▶ WORK TO BE COMPLETED
With the pictures left out, please return exactly the line holding "Image No.13-5 Bed House for sale" and each following line until the entries end.

─── SOURCE RECORDS

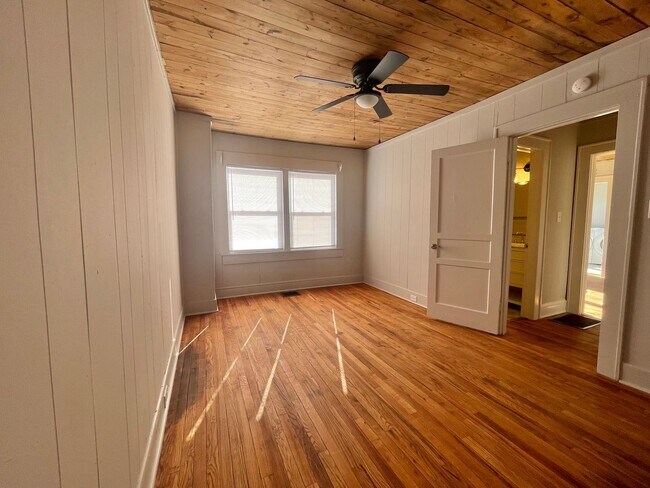 Building Photo - Centrally Located 1 bedroom 1 bath -  wate...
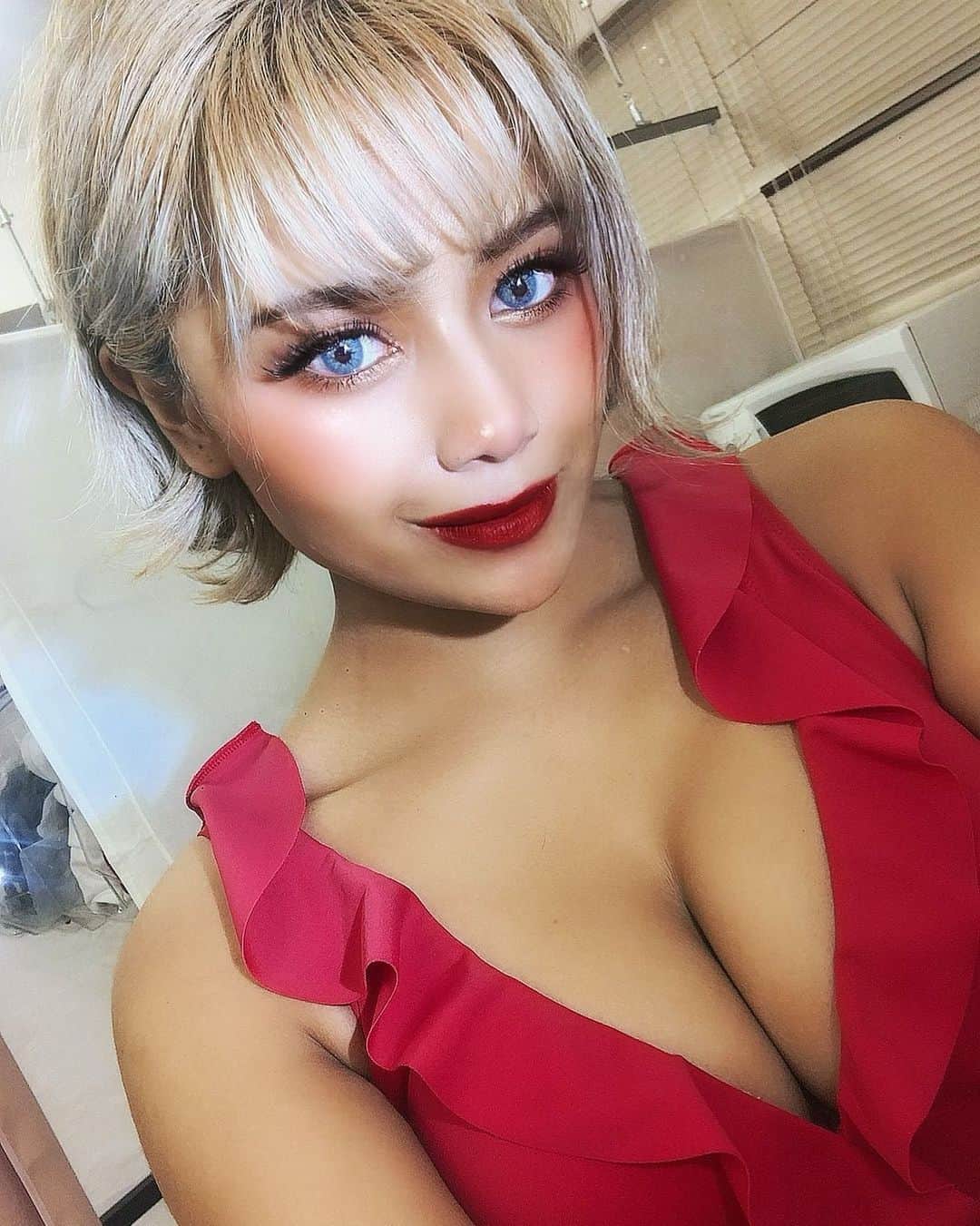 Candy のインスタグラム：「今日は一部のみいるよーん❤️❤️  #バーレスク東京　#バーレスク　#パリオン #水着　#red #sexy #ハーフ　#濃いメイク」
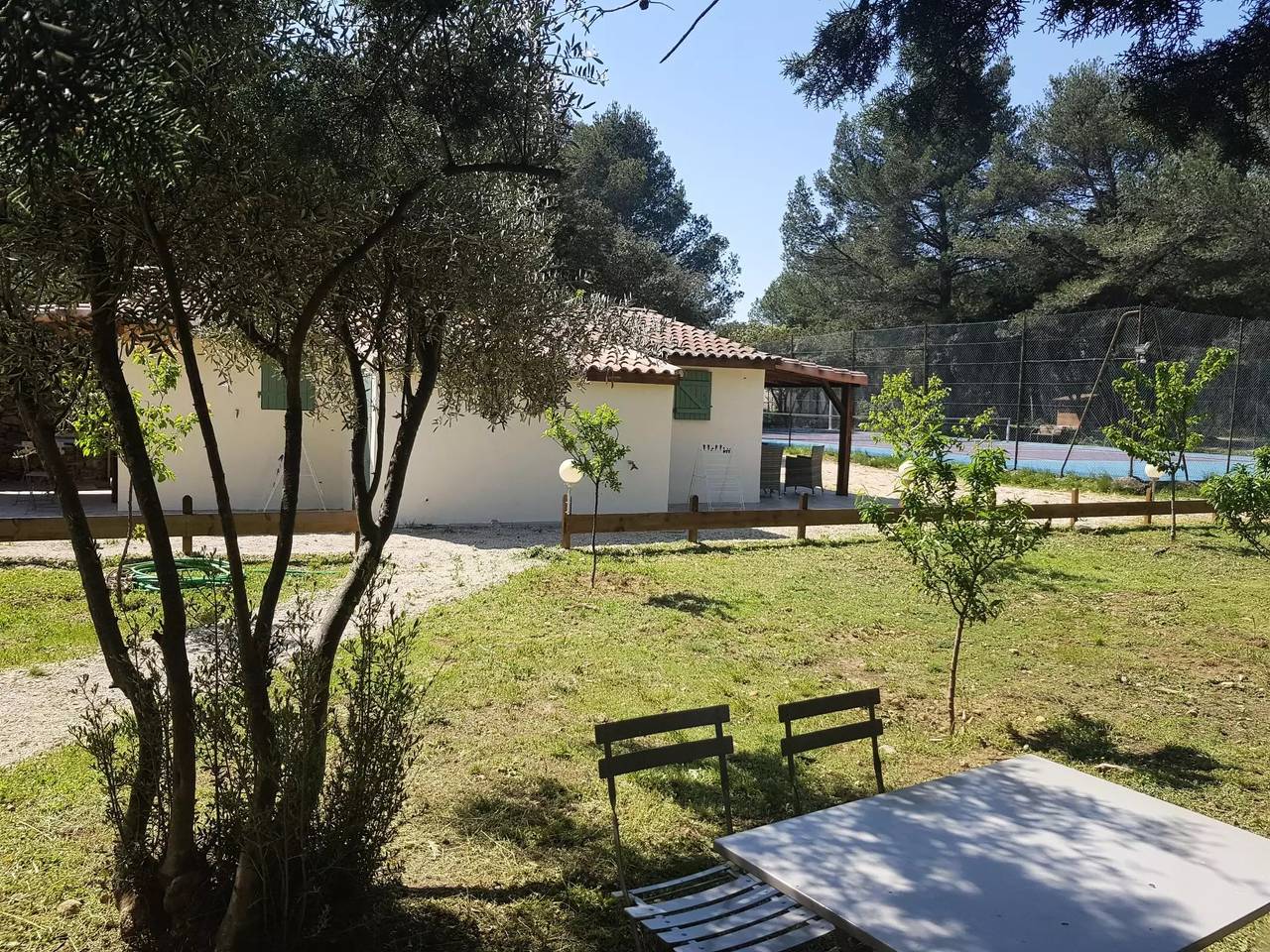 Casa 2 Personas in Grans, Region de Aix-en-Provence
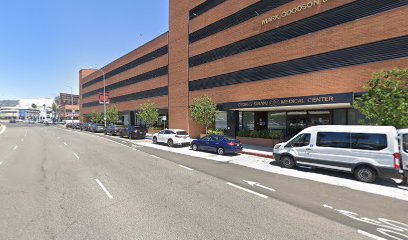 Dr. Christopher Kong, Orthopaedic Spine Surgeon (Los Angeles, CA)
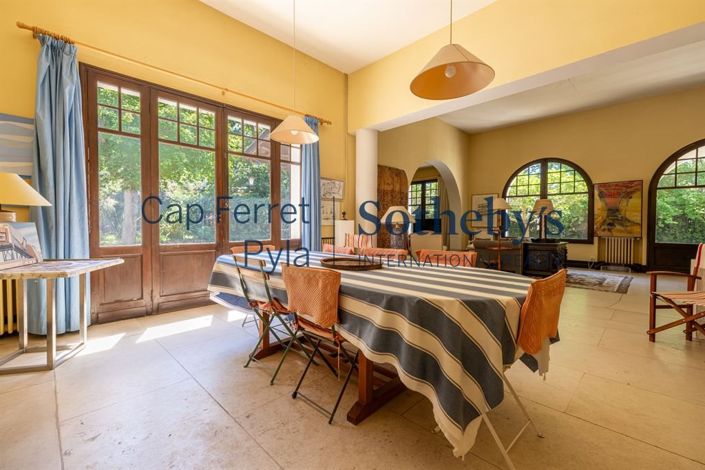 Image No.13-5 Bed House for sale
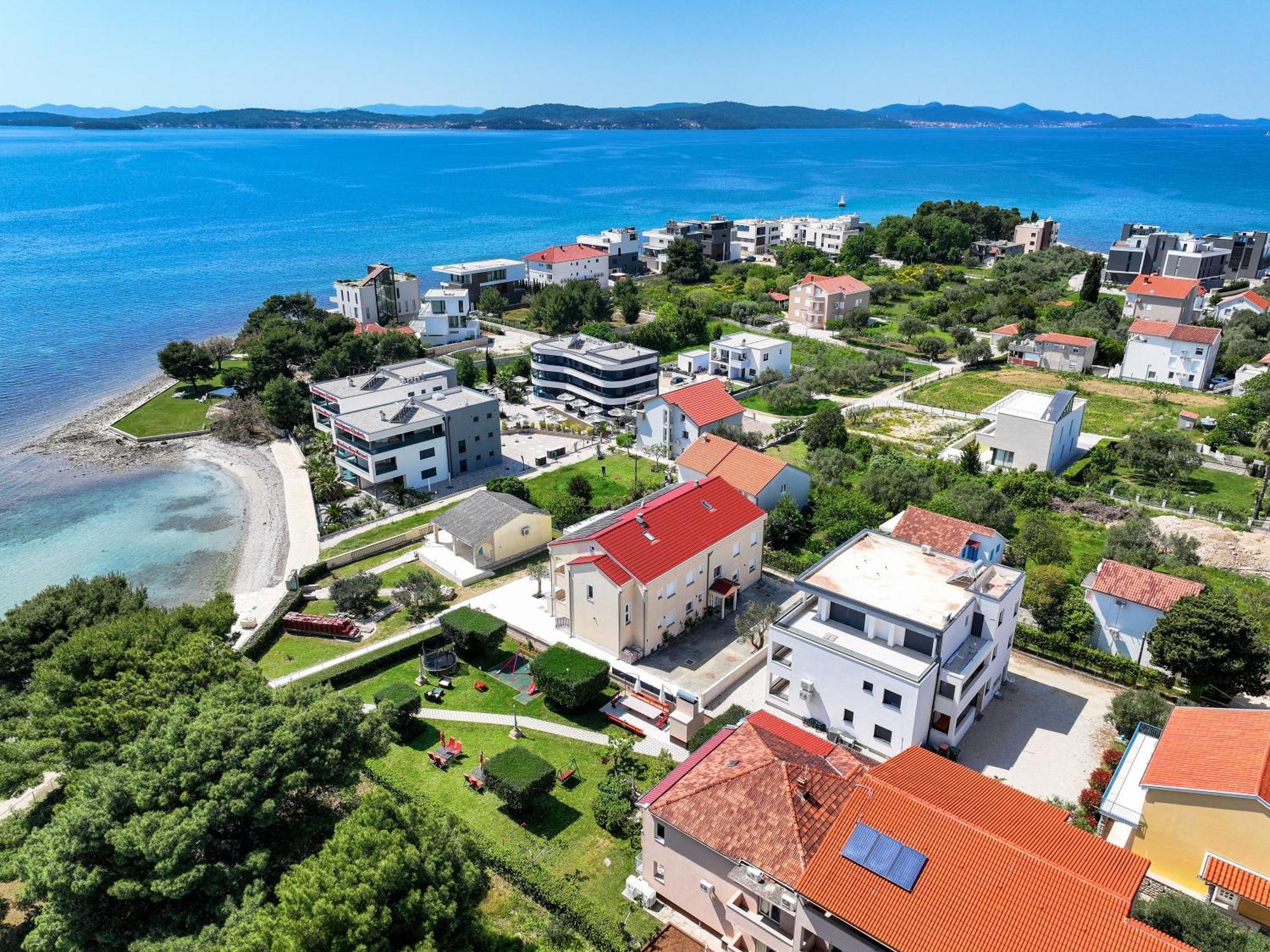 Sukošan Apartments Becky On A Sandy Beach Without Crowd מראה חיצוני תמונה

──────

▶ SOLUTION
 Image No.13-5 Bed House for sale
 Sukošan Apartments Becky On A Sandy Beach Without Crowd מראה חיצוני תמונה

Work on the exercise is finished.